Portuguese Cuisine 101:
An Introduction to the food of Alentejo
Replete with everything from seafood to sweets, the cuisine of Portugal’s Alentejo region has more than enough diversity to satisfy your palate—and more than enough salted cod to challenge it, too.
Garlic, Coriander and Poejo
The basic ingredients of Alentejan cuisine are garlic, fresh coriander and poejo, which is similar to mint but with a very high vitamin content (it takes some getting used to). The Alentejan eating experience begins as soon as you are seated at the table. Olives, bread and a plate of either queijinhos frescos (fresh cheeses) or queijo seco (dry cheese) are served instantly. The fresh cheese is a curd and is eaten with a sprinkling of salt and pepper with bread. The dry cheese varies in age and can be as soft as cheddar or as hard as parmesan. Be careful not to fill up on these tempting appetizers or you won’t have room for the meal itself!

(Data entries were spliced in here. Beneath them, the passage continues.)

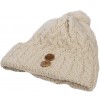 Aran Classic Super Soft Merino Aran Hat with Buttons 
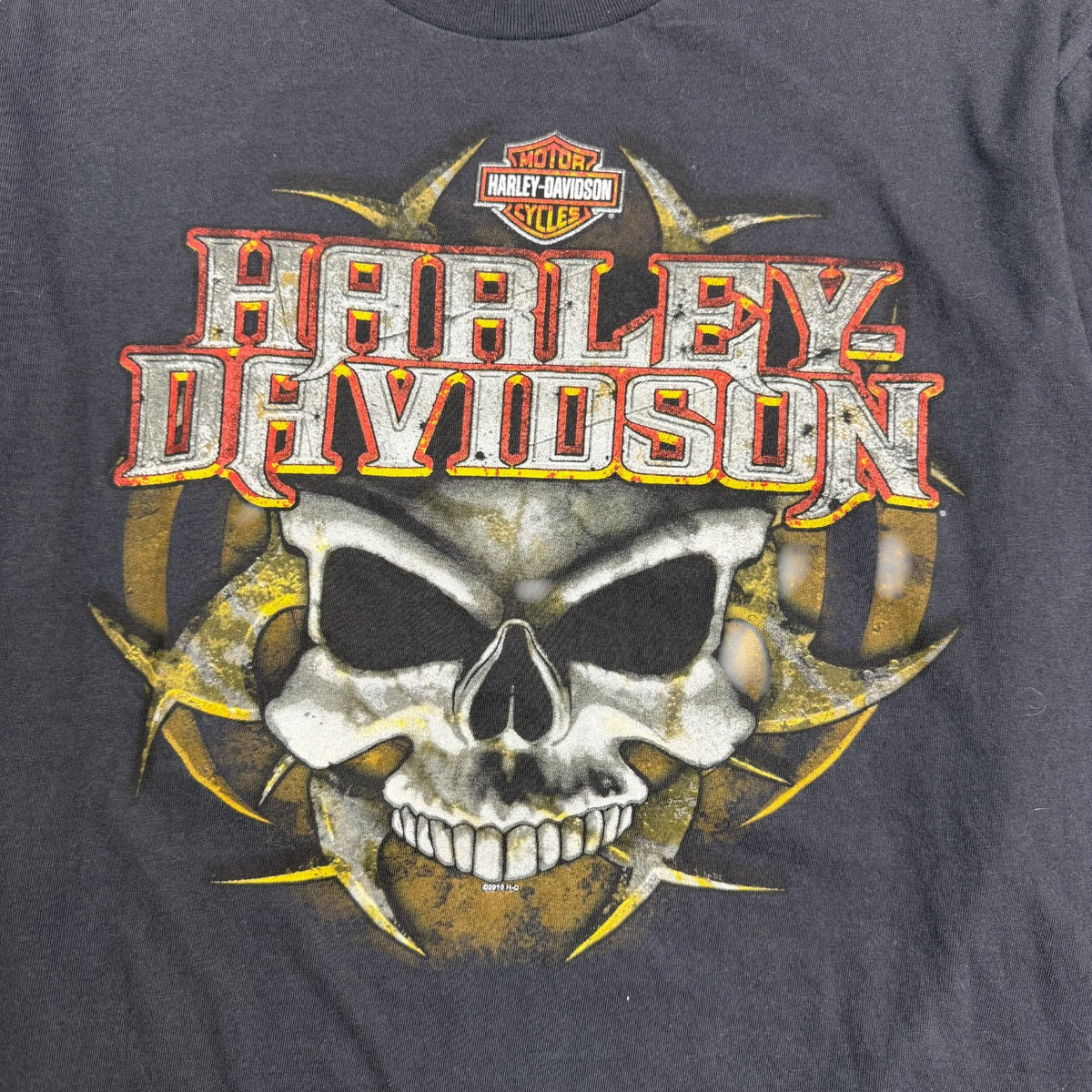 Vintage Harley Davidson Of The Cayman Islands L/S Tee Black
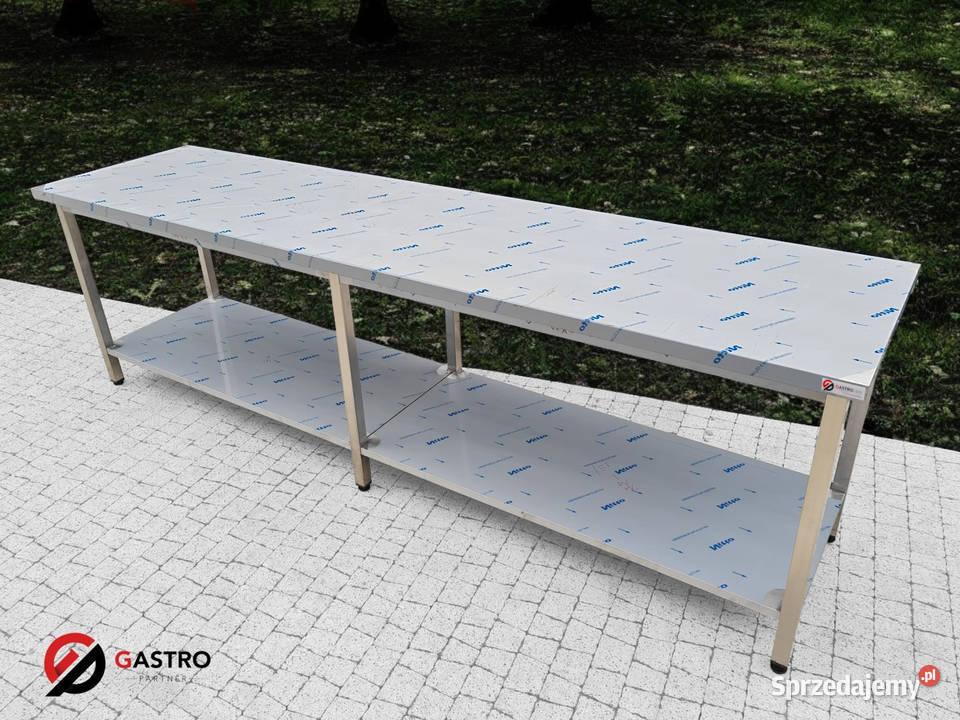 Stół centralny gastronomiczny z półką spawany na Ostrów Wielkopolski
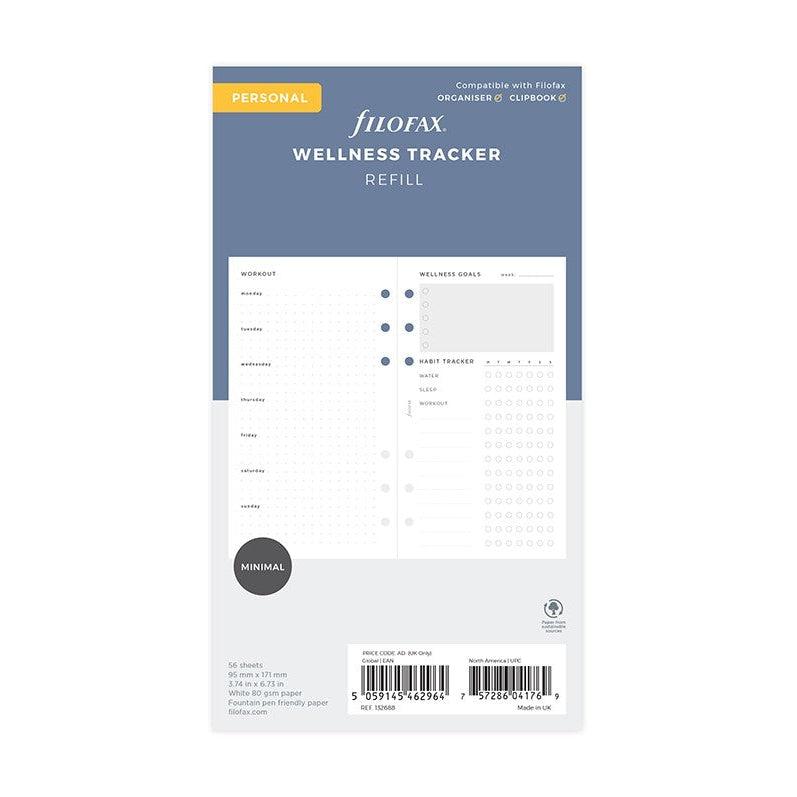 FFX Recharge Personal Wellness Tracker-Autres Recharges Agenda-Filofax-Papeterie du Dôme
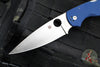 Spyderco Native Chief Folding Knife- Cobalt Blue G-10 Handle- SPY27 Steel Drop Point Satin Blade C244GPCBL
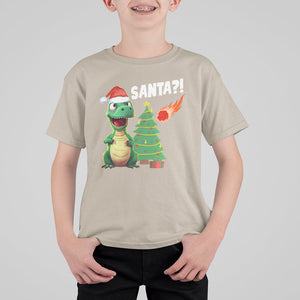 Funny Dinosaurs Extinction Santa Ugly Christmas T Shirt For Kid TS09 Sand Printyourwear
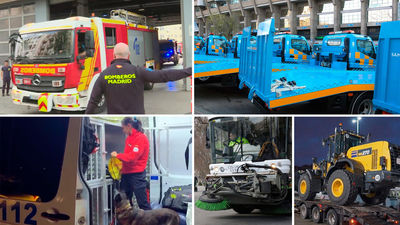 Drones, grúas, forenses y servicios de rescate y limpieza: Madrid pone sus servicios públicos a disposición de Valencia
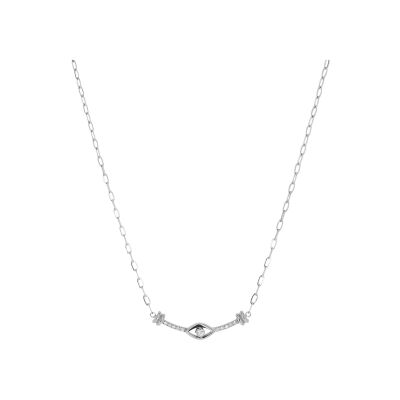 Collier Zag Altiani  en acier et oxyde de zirconium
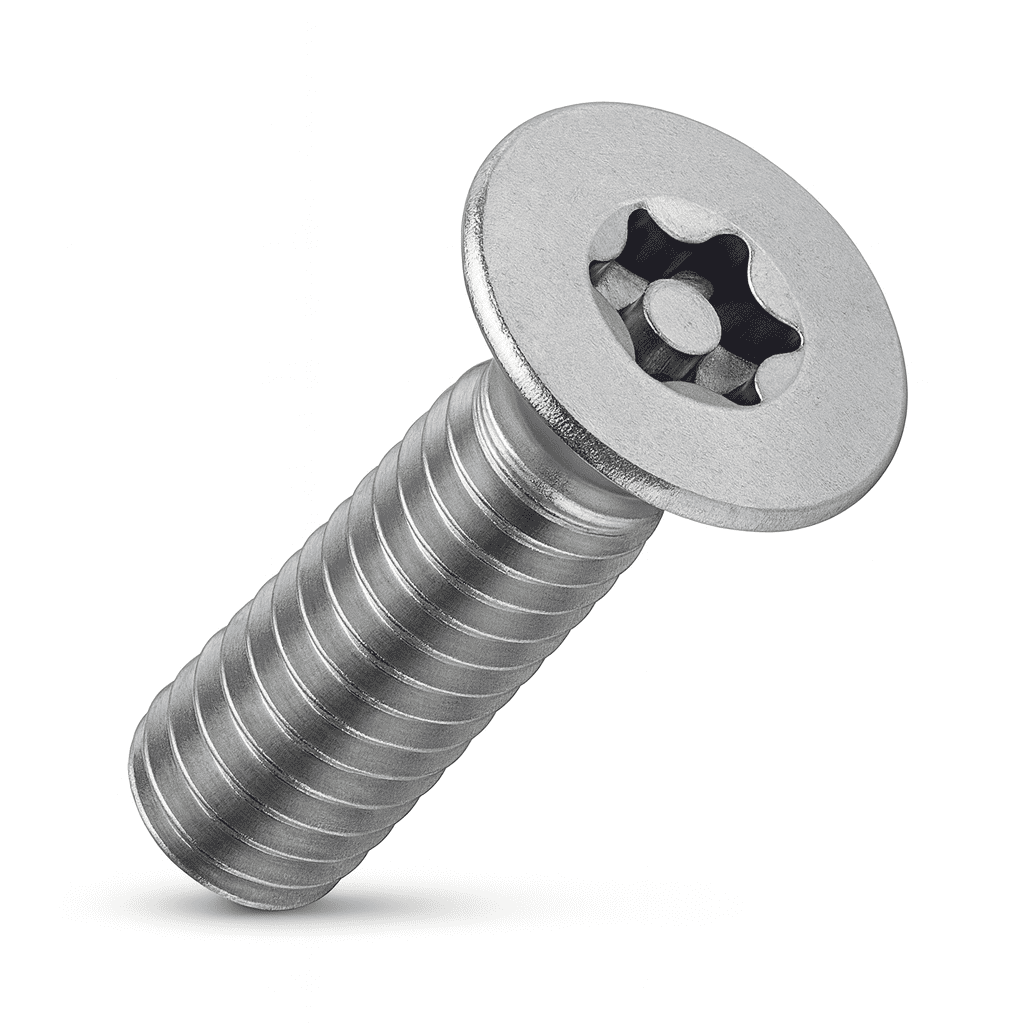 M4 x 6mm Security Countersunk Socket Machine Screws 6lobe Pin Torx Resistorx Stainless steel A2 (304)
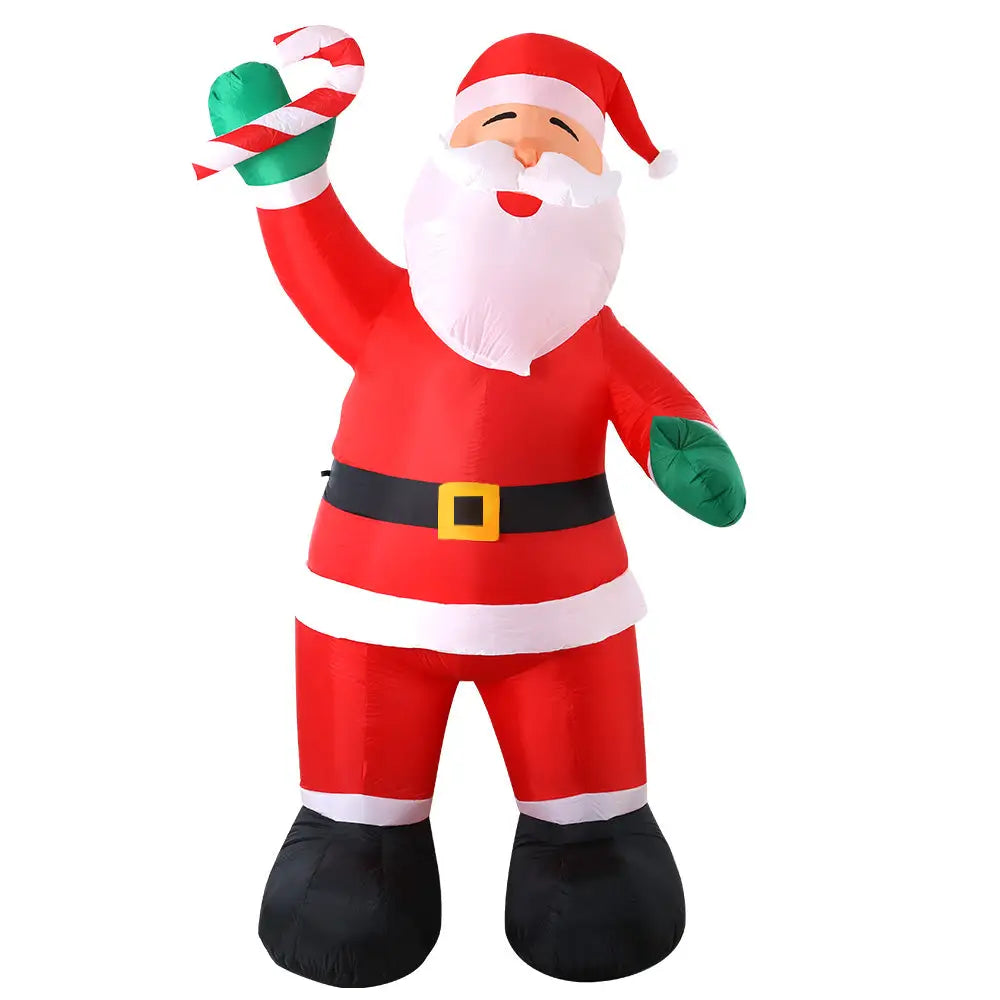 Jingle Jollys Christmas Inflatable Santa 3M Illuminated Decorations - Occasions > Christmas > Christmas Decorations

More Delicious Than its Description
Vegetables are often taken in the form of soup and are frequently developed into a main dish. The most famous of the Alentejana soups is the açorda, made with stale bread in a flavourful broth of water, olive oil, salt, garlic and fresh coriander topped with a poached egg and if desired, a slab of bacalhau (salted cod) on the side. You will enjoy the soup’s rich flavour more than its description! The seafood açorda is another appetizing alternative, itself the main course.
Portugal’s National Dish
This brings us to the sensitive topic of bacalhau, or salted cod. This dried and preserved fish is Portugal’s national food—which is hard to believe, considering that cod lives not in Portuguese waters but in those of Canada and the United States. The origin of bacalhau dates back to the age of discovery when the Portuguese ruled the high seas. The sailors, in need of non-perishable food, discovered on their journeys to the New World cod’s versatility as a welcome addition to their meagre diet. Today, cod is an omnipresent dish in Portuguese homes and restaurants, and is said to be prepared in 365 ways, one for each day of the year! Salted cod is an acquired taste, whichever way it is prepared, but you cannot leave Portugal without at least trying one version. No need to worry though—bacalhau is not the only fish on the menu. The Alentejo receives excellent fresh seafood from the coast several times a week.
Meat Lovers Welcome
Meat lovers are also welcome in this region. The Alentejo is a land of sheep and goats, so borrego (lamb) and cabrito (kid) appear on all menus prepared in several succulent ways. One of the most renowned regional dishes is the Carne de Porco a Alentejana to satisfy the lover of both meat and seafood. This unlikely, but fabulous, dish includes marinated pork stewed with clams. Alentejana cuisine is simple but hearty fare, using only the freshest of ingredients (except for the bacalhau!) that results in mouth-watering dishes. We recommend that you request food prepared with little salt. As bacalhau confirms, the Portuguese love their salt!
Portugal’s Sweet Tooth
The Portuguese have an insatiable appetite for extra-sweet desserts, and the Alentejanos are no exception. The main ingredients are gemas (egg yolks), sugar, and almonds dusted with canela (cinnamon). The origin of gemas in desserts comes from the monks’ winemaking process—they used egg whites to refine the impurities of their wine, leaving all the yolks. Hence the birth of the “nun’s tummy,” one of the many dishes requiring up to 24 egg yolks! Another favourite, tiborna, is a kind of cake made with the same ingredients, but which resembles a nest of angel hair studded with cherries. If you have a sweet tooth and no fear of cholesterol, you should try either or both of them. Leaving the gemas behind, the Alentejo introduces us to another unusual sweet, the ameixas d’Elvas. Otherwise known as the Elvas Plum, this is the ultimate after-dinner treat. The incredibly laborious recipe of candying plums remains a traditional craft continued by the Conservas Rainha Santa.